- Exercise requirements
Copy out each record that follows exactly, and omit any picture you find.

Saved entries
• • • • • • •
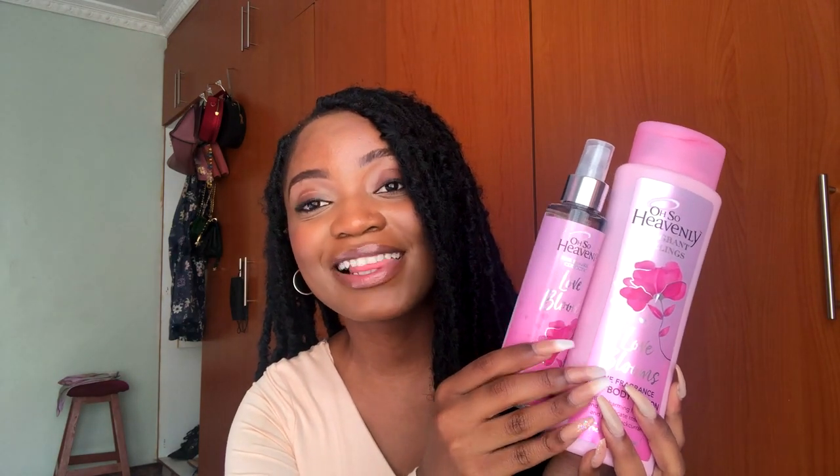Next up, one of my absolute faves — Love Blooms by Also Heavenly. I've got the body mist and the body lotion. I really wish it had a proper perfume because I would wear it every single day. It smells like blackcurrant, sweet freesia, rose petals, and a base of vanilla — just imagine that dancing on your skin. It's beautiful, especially in warm spring weather. You can buy both products for under 100 Rand, so run to Clicks!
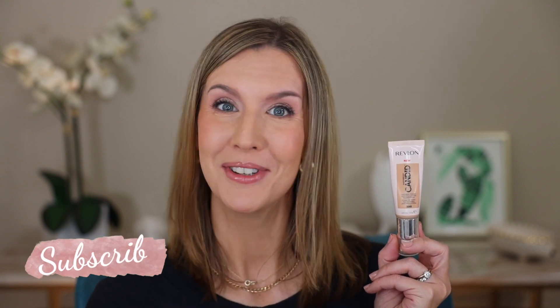Next up is the Revlon Candid Natural Finish Anti-Pollution Foundation. This retails for $10.99 for 0.75 ounces and there are 31 shades — I'm in shade 300 Dune. This offers antioxidant and blue light protection. It applies very quickly and easily and is buildable from light to medium coverage. There is a hint of a scent to this but I don't notice it at all once it's on my face.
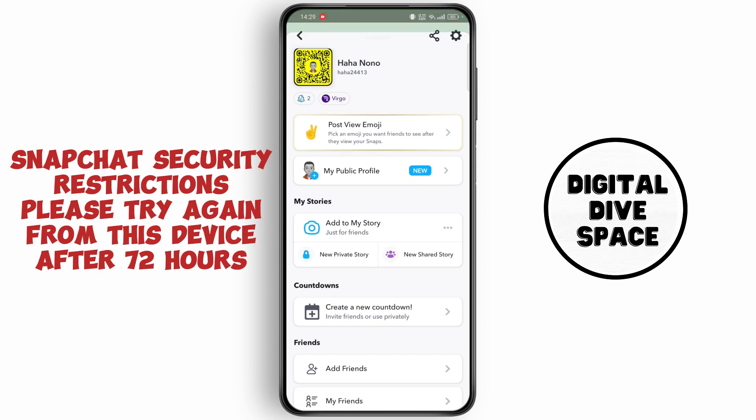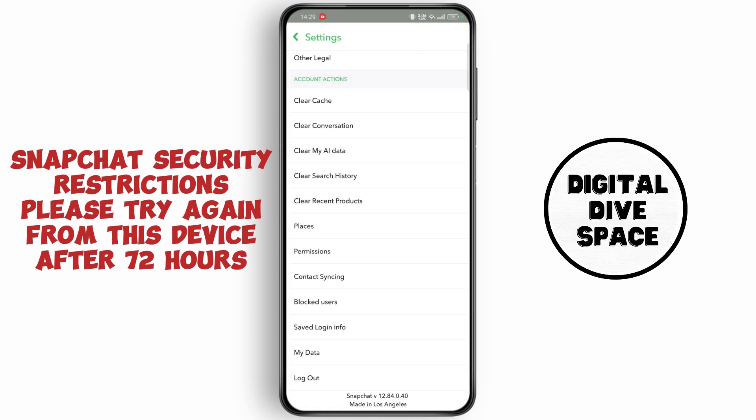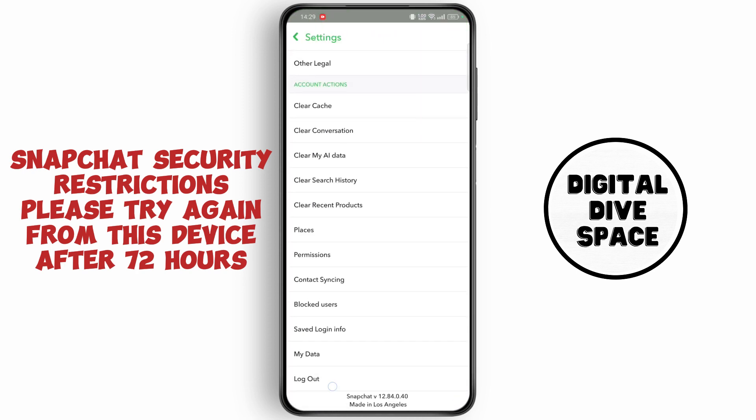The only fix for this problem is trying to log out from all other devices you previously logged in. To log out from your devices, go to settings at the top right corner and scroll down to the bottom. Now tap on log out.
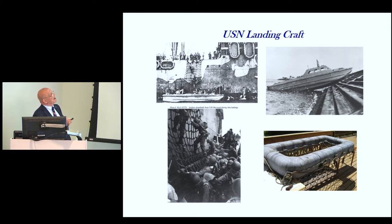In WWII, troops had to climb down cargo nets into landing craft, which would circle the attack transport and then fan out to make their beach landing. These were tough boats — a demonstration in New Orleans showed how a boat could run into a seawall and not be damaged.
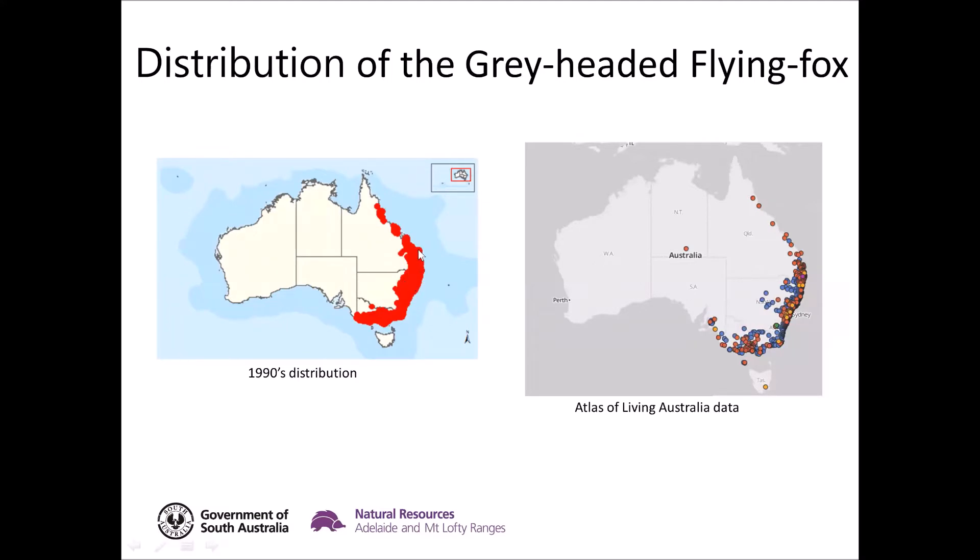Looking at the distribution of flying foxes — back in the 1990s the grey-headed flying fox was traditionally an east coast species, predominantly along the New South Wales and Queensland coast, just getting into Victoria. But more recently it's been moving into South Australia. Back in the 90s there were only the odd records of individuals foraging in the southeast, but more recently we're seeing a lot more records — obviously we've got a colony in Adelaide and more sightings around the region, as well as more records in the southeast.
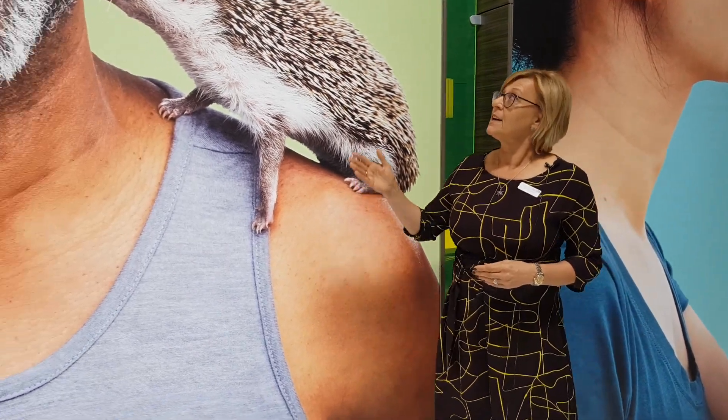Our newest addition is our microneedle system, MAPS, depicted here by the hedgehog. Why? Because it's many tiny little needles that penetrate the skin, delivering the drug into the bloodstream.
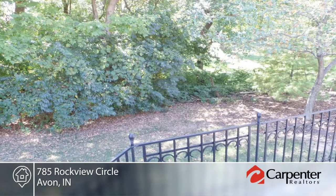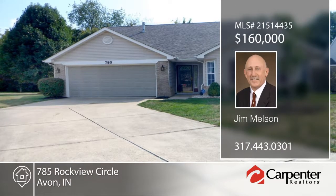This home has so much to offer and won't last long. Contact Jim Nelson to learn more.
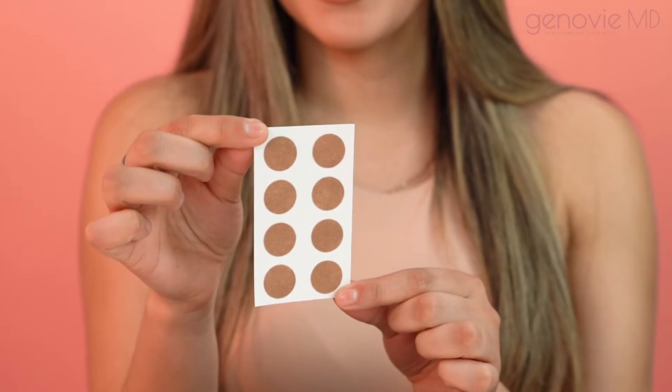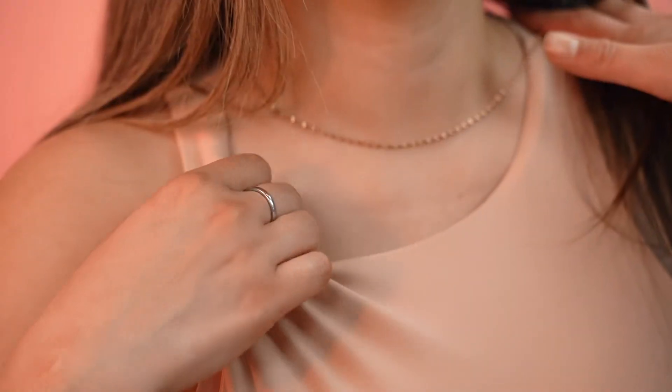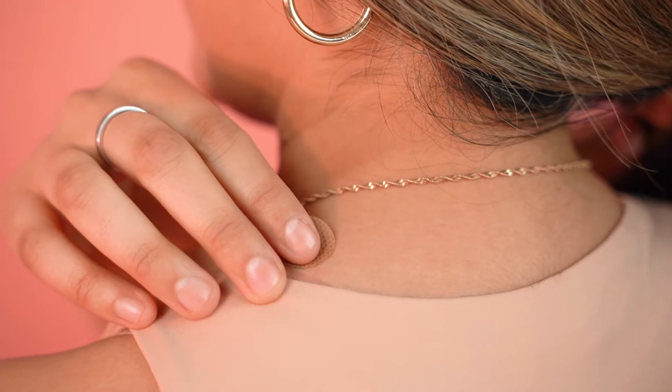To apply, simply peel the patch and apply to a clean, dry area of the skin, such as the wrist, behind the ear, or shoulder.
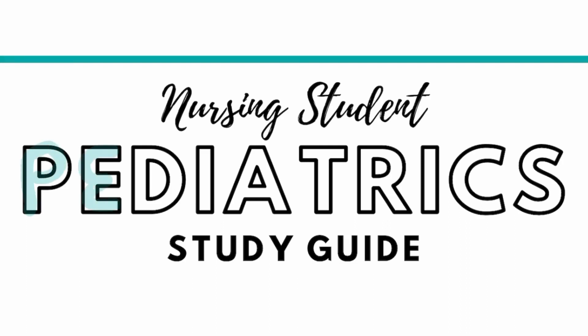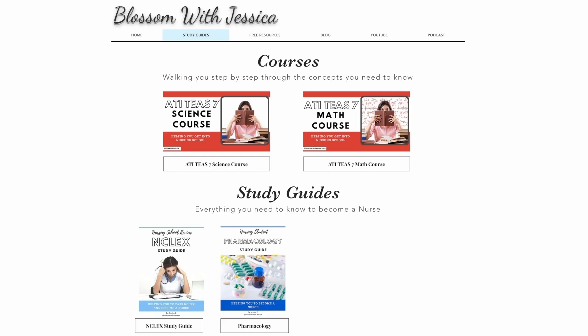Welcome to the Pediatric Review, where I help you prepare for your pediatric nursing exams. If you would like a copy of this study guide, you can find it on my website, blossomwithjessica.com.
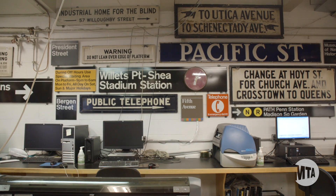My name is Barry and I'm a sign painter at Station Signage. It's a very small shop — there's only 11 of us — and we produce a tremendous amount of work.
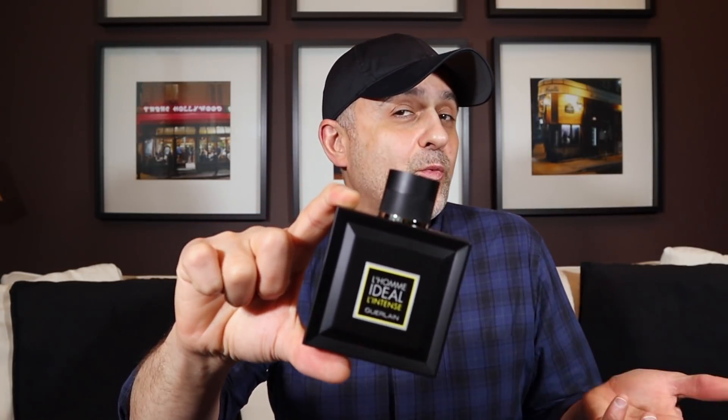Well, it's finally out. This is Guerlain's L'Homme Ideal L'Intense, right here. It's a sexy looking bottle — absolutely love the bottle — but is the scent worth it? I'm gonna tell you all about it coming right up.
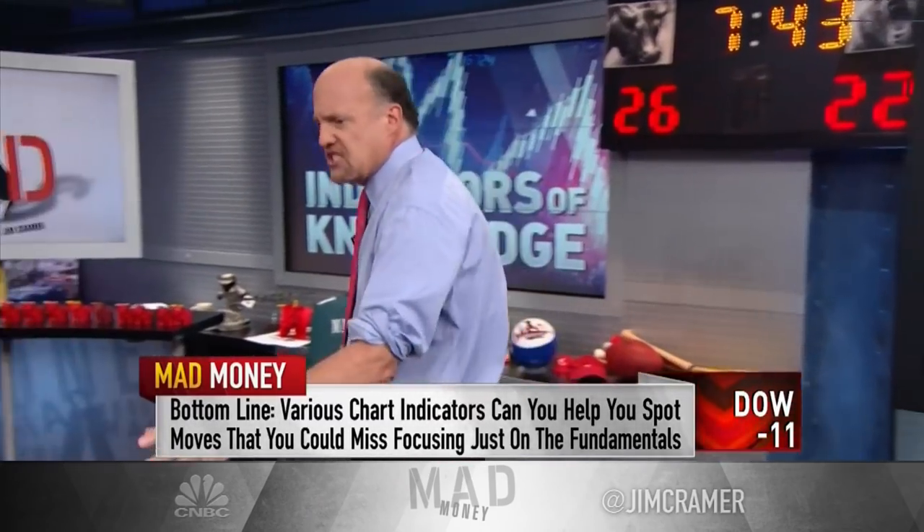I got smoked — he saw it. Bottom line: we need to look at lots of different indicators to spot big moves — indicators like accumulation distribution, overbought/oversold levels — to spot important turns that might not be visible otherwise to those of us stuck trying to spot changes in the fundamentals that often are further out in time. Powerful moves can and often do elude those who are only focused on the underlying companies and not the action of the stocks themselves.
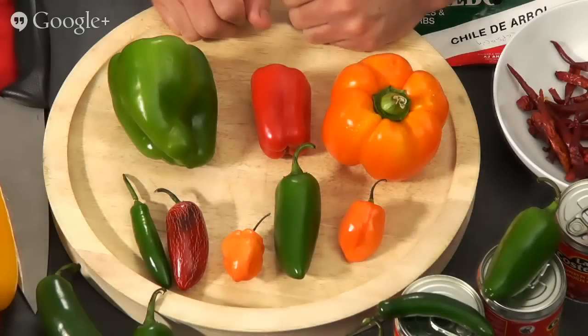Good morning, everyone. Welcome to S Coffee Online. My name is Chef Cesar, and today we're going to talk about peppers.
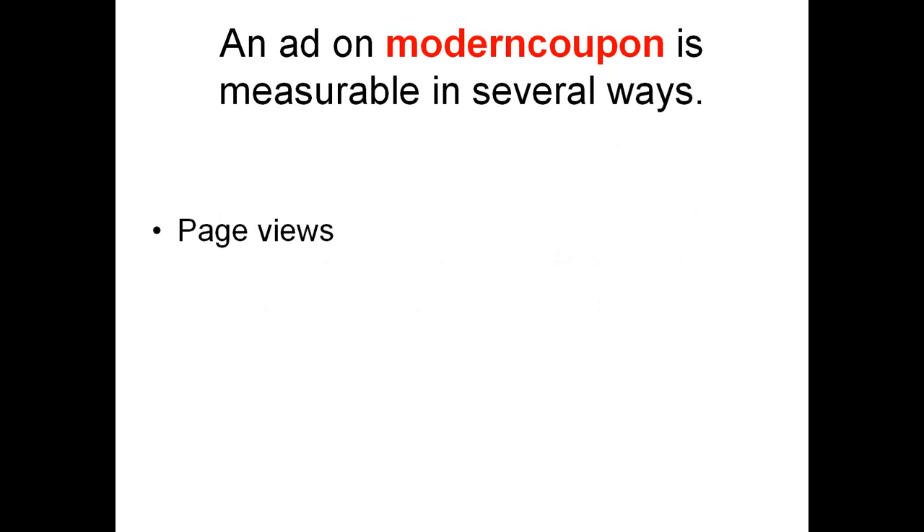Number 4: page views. We know how many times your ModernCoupon ad is viewed by visitors. Number 5: clicks to your main website. We know how many times a visitor who visits your ModernCoupon site clicks through to your main website.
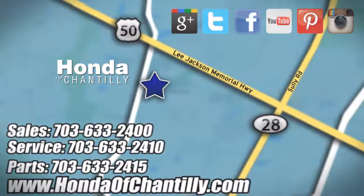Honda of Chantilly. We're conveniently located just south of Dulles Airport at 4175 Stonecroft Boulevard in Chantilly.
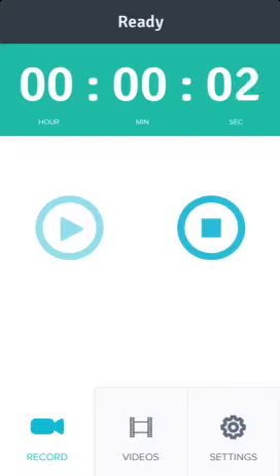Hey YouTube, I'm here to show you a new app on the App Store called XREC. It's the only screen recorder on the App Store right now, but if you're going to get it, I suggest you get it now because Apple will take it off of the App Store very soon.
• • • • • • •
- Result for this task
Next up, one of my absolute faves — Love Blooms by Also Heavenly. I've got the body mist and the body lotion. I really wish it had a proper perfume because I would wear it every single day. It smells like blackcurrant, sweet freesia, rose petals, and a base of vanilla — just imagine that dancing on your skin. It's beautiful, especially in warm spring weather. You can buy both products for under 100 Rand, so run to Clicks!
Next up is the Revlon Candid Natural Finish Anti-Pollution Foundation. This retails for $10.99 for 0.75 ounces and there are 31 shades — I'm in shade 300 Dune. This offers antioxidant and blue light protection. It applies very quickly and easily and is buildable from light to medium coverage. There is a hint of a scent to this but I don't notice it at all once it's on my face.
The only fix for this problem is trying to log out from all other devices you previously logged in. To log out from your devices, go to settings at the top right corner and scroll down to the bottom. Now tap on log out.
In WWII, troops had to climb down cargo nets into landing craft, which would circle the attack transport and then fan out to make their beach landing. These were tough boats — a demonstration in New Orleans showed how a boat could run into a seawall and not be damaged.
Looking at the distribution of flying foxes — back in the 1990s the grey-headed flying fox was traditionally an east coast species, predominantly along the New South Wales and Queensland coast, just getting into Victoria. But more recently it's been moving into South Australia. Back in the 90s there were only the odd records of individuals foraging in the southeast, but more recently we're seeing a lot more records — obviously we've got a colony in Adelaide and more sightings around the region, as well as more records in the southeast.
Our newest addition is our microneedle system, MAPS, depicted here by the hedgehog. Why? Because it's many tiny little needles that penetrate the skin, delivering the drug into the bloodstream.
This home has so much to offer and won't last long. Contact Jim Nelson to learn more.
To apply, simply peel the patch and apply to a clean, dry area of the skin, such as the wrist, behind the ear, or shoulder.
Welcome to the Pediatric Review, where I help you prepare for your pediatric nursing exams. If you would like a copy of this study guide, you can find it on my website, blossomwithjessica.com.
My name is Barry and I'm a sign painter at Station Signage. It's a very small shop — there's only 11 of us — and we produce a tremendous amount of work.
Well, it's finally out. This is Guerlain's L'Homme Ideal L'Intense, right here. It's a sexy looking bottle — absolutely love the bottle — but is the scent worth it? I'm gonna tell you all about it coming right up.
I got smoked — he saw it. Bottom line: we need to look at lots of different indicators to spot big moves — indicators like accumulation distribution, overbought/oversold levels — to spot important turns that might not be visible otherwise to those of us stuck trying to spot changes in the fundamentals that often are further out in time. Powerful moves can and often do elude those who are only focused on the underlying companies and not the action of the stocks themselves.
Good morning, everyone. Welcome to S Coffee Online. My name is Chef Cesar, and today we're going to talk about peppers.
Number 4: page views. We know how many times your ModernCoupon ad is viewed by visitors. Number 5: clicks to your main website. We know how many times a visitor who visits your ModernCoupon site clicks through to your main website.
Honda of Chantilly. We're conveniently located just south of Dulles Airport at 4175 Stonecroft Boulevard in Chantilly.
Hey YouTube, I'm here to show you a new app on the App Store called XREC. It's the only screen recorder on the App Store right now, but if you're going to get it, I suggest you get it now because Apple will take it off of the App Store very soon.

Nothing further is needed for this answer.